いつもと違うユキの変身に戸惑うセバスと会場。吹雪が収まると目の前には、真っ白に染まったフィールド。そして…


「吹雪の日。それは静かに現れる。白い肌に、目は赤く輝く女を人はいつしかこう呼んだ。私はあなたを凍らせる者。或は妖怪。雪女…」



 今までの可愛らしいドレスとは違いその服装は水色がかった白装束である。しかし白装束と言っても下はスカートのように広がっていたり、振袖はとても長くなっていたり、水色の太めの帯がたくさんの雪の結晶で彩られていたり。まるでお化けなようなと言うよりかは、可愛い浴衣を着た凛としたユキ。といった感じだ。


 ユキの新装備に湧く会場。いままでとは異なる雰囲気に唾を飲む者に咄嗟にコメント広場に書き込みを開始する者と様々な反応を見ることができる。



 そんなこと関係ないと流れる試合開始のカウントダウン。


《3…2…1…スタート》


 今ここに新たな力が開放された。







*






 始まってすぐにバリアは解かれる。この時セバスは疑問に思っていた。


(なぜ?ユキは登って来ない?)


 そう、ユキが上空を目指すどころか〔飛行〕すら使っていないのである。さすがにおかしいと思ったセバスはこのまま長引くのはまずいと本能的に察知し攻撃を、最大火力で使っていく。ユキはそれを雪を踏みしめながら躱していくだけだ。


(雪?)


 変身時の目隠しのように舞っていた吹雪が振り積もった雪がユキのそばには沢山ある。綺麗に半分だけ真っ白なのだがそこに違和感を感じるセバス。


「まあ、いいでしょう。行きますよ?【あなたへこの屋敷の接客を】」


 そうして放たれる弾幕はユキを狙い放たれ大きく広がり、そして一気にすべての魔弾がユキ目掛けて取り囲むように迫っていく。これが5回も飛んでいく。


 途端、こんどはユキが両手を広げてクルクル周りながら冷気を放つ。そしてピタッ止まると。ユキに迫ってきていた弾幕をすべてその場で止め…、いやまるで空間ごと凍らせるようにして砕ける。


「はて?もう凍って…ッ!!あの雪のせいですか」


 ユキはいつもとは違い【凍える世界】を発動させてはいない。否、発動させる必要がないのである。なにせもうこの空間は冷え切っているのですから。


「試合開始前から冷やすのはありなのですか?」


「いやいや、私は私側の半分しか冷やしてないですよ〜。別に試合前からスキルは使ってもいいんだからダメなのは地面から離れることだけだし」


 ユキが言っていることは正しい。試合開始前にはちゃんと《スキルオープン》と、10秒間の準備タイムが与えられるのだその間に何をしようとプレイヤーの自由。唯一地面から離れることだけはできないようになっているが、その間に自信にバフを掛けようと、装備をつけようと、周りを冷やそうと自由なのである。



「確かに盲点でした…。でもただそれだけです。温めてしまえば無意味でしょう?」


 こんどはセバスが火弾をばら撒きそれを辺り一面にぶちまける。そうすることで温度をあげようとしているのだが…


「わかってないね、もうここは吹雪の中だよ?【掘っ建て小屋の中は暖かいか?】」


 瞬く間にフィールドが吹雪に見舞われる。そんな小さな炎など無意味と言わんばかりにかき消される火弾と巻き込まれるセバス。セバスには既に状態異常:凍傷が着いていた。


 セバスは思ういままでとパワーが桁違いではないかと。


「【ティータイムはいつでもどこでも】」


 こんどはセバスが降下し技を発動。

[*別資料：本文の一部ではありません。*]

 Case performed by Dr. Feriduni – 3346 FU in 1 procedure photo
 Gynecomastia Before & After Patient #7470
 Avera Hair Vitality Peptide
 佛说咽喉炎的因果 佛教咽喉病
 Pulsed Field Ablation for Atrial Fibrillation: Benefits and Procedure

途端に現れるはガゼボと言われる西洋の庭などにある屋根付きの休憩スペースを模した建物が〔建築〕される。屋根があるだけのガゼボだが、そこは〔バリア〕のスキルで防ぎ、中に火弾を浮かべることで暖を取る。たちまち凍傷の表示は消える。


(このまま少し待ちましょう。フィールド全体に及ぶ吹雪です、すぐにMPが尽きるでしょう。そうなればこちらが有利です)

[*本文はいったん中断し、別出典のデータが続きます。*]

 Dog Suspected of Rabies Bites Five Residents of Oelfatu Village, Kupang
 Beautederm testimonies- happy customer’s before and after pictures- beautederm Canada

 セバスの考えは間違っていない。しかしそれが普通のプレイヤーならである。相手はユキ。しかも闘技大会の覇者がそんなことするわけがなかった。




「【氷の心】」




 吹雪の中で聞こえたその声にセバスははっと驚く。少し前のユキの動画を見たではないかと。物理をも凍らせ砕くその技を。


(し、しかしいくらなんでもこのでかさの物体を凍らせるのは無理でしょう。えぇ、きっと)



ピキッ



 妖力 WP willpower=念力


自信の体に妖力力を使うと妖力憑依できる。憑依はさせたもののイメージと重なれば重なるほど強力になる。また魔法物理ともに遠隔で軌道や性質を変化させることができる。これは敵の攻撃などにも効有効。ただ制限あり。





 イメージが重なれば重なるほどその威力は強くなる。今会場中を巻き込みユキのイメージは「雪女」へと塗り固められていた。

 その威力は想像を絶する。




バキッ!!!




 今日ここに、フィールド全体がガゼボと、ガゼボの中にいたセバスごと一緒にすべてが凍りついた事件が発生した。